NMR Ensemble Analysis

An NMR structure "ensemble" is not a single model — it is a bundle of conformers, typically 10–40 structures, each consistent with the experimental restraints (NOE distances, dihedral angles, RDCs). The spread of the bundle is the primary indicator of precision: tight bundles indicate well-determined, rigid regions; loose bundles indicate disorder or sparse restraint coverage.

This page explains the scientific foundations of the ensemble analysis tools in synth_pdb.ensemble.

Why Ensembles?

X-ray crystallography produces a single, time-averaged structure. NMR is unique in that it inherently produces a probability distribution of structures. The ensemble:

Represents the genuine conformational heterogeneity of the molecule in solution
Encodes uncertainty — regions with few restraints have higher spread
Provides a direct view of internal dynamics on the µs–ms timescale

The two key quantities characterising an NMR ensemble are:

Quantity	Unit	What it measures
Pairwise RMSD	Å	Coordinate precision — how similar are the models geometrically?
DAOP (S(φ)+S(ψ))	dimensionless (0–2)	Dihedral precision — how consistent are the backbone angles?

Dihedral Angle Order Parameter (DAOP)

Introduced by Hyberts et al. (1992), the DAOP measures the circular variance of backbone dihedral angles across all ensemble members.

For a dihedral angle \(\alpha\) measured in \(N\) models:

\[S(\alpha) = \left| \frac{1}{N} \sum_{k=1}^{N} e^{i\alpha_k} \right|\]

This is the length of the mean resultant vector on the unit circle, ranging from 0 (completely disordered) to 1 (perfectly ordered).

\[S(\phi) + S(\psi) \begin{cases} \geq 1.8 & \text{well-defined residue} \\ < 1.8 & \text{disordered / poorly restrained} \end{cases}\]

The threshold of 1.8 is the PDBStat convention used by the BMRB deposition system (Tejero et al. 2013).

Coordinate RMSD

The pairwise RMSD matrix (size \(N \times N\) for an \(N\)-model ensemble) encodes all structural differences. Key derived quantities:

Mean pairwise RMSD: overall precision of the ensemble
RMSF per residue: standard deviation of each residue's position after superposition — directly comparable to B-factors and to MD RMSF
Medoid: the model with the lowest mean RMSD to all other models — the most "representative" structure

All RMSD calculations in synth_pdb.ensemble use Kabsch superposition (via synth_pdb.geometry.superposition) to remove rigid-body translation and rotation before computing coordinate differences.

Quality Thresholds

The following thresholds are taken from the PDBStat paper (Tejero et al. 2013) and are used by QualityAssessment:

Metric	Excellent	Acceptable	Poor
Backbone RMSD	< 0.5 Å	0.5–1.5 Å	> 1.5 Å
Heavy-atom RMSD	< 1.0 Å	1.0–2.5 Å	> 2.5 Å
Fraction well-defined	> 85%	60–85%	< 60%

IDP Ensembles

For Intrinsically Disordered Proteins (IDPs), these thresholds do not apply — a "good" IDP ensemble should have high RMSD and low DAOP in the disordered regions by design. The spread reflects genuine structural disorder, not poor data.

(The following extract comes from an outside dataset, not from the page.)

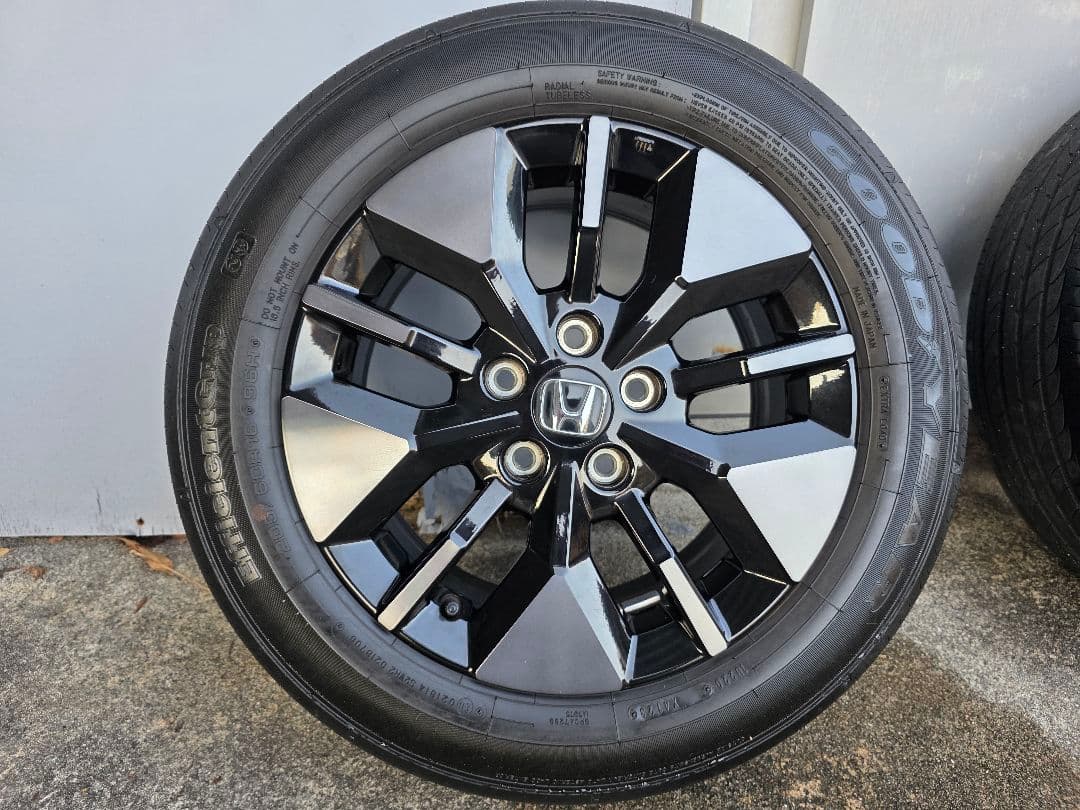 ステップワゴン　スパーダ　純正タイヤホイール4本セット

Validation of IDP ensembles requires comparing ensemble-averaged observables (PRE rates, SAXS profiles, chemical shifts) to experiment rather than applying rigid RMSD thresholds.

See Science: Intrinsically Disordered Proteins and the IDP Ensemble tutorial.

References

Hyberts, S. G. et al. (1992). The solution structure of eglin c based on measurements of many NOEs and coupling constants. Protein Science, 1(6), 736–751.
Tejero, R. et al. (2013). PDBStat: a universal restraint converter and restraint quality analyzer for protein NMR structures. J. Biomol. NMR, 56(4), 337–351.
Clore, G. M. & Iwahara, J. (2009). Theory, practice and applications of paramagnetic relaxation enhancement for the characterization of transient low-population states of biological macromolecules. Chem. Rev., 109(9), 4108–4139.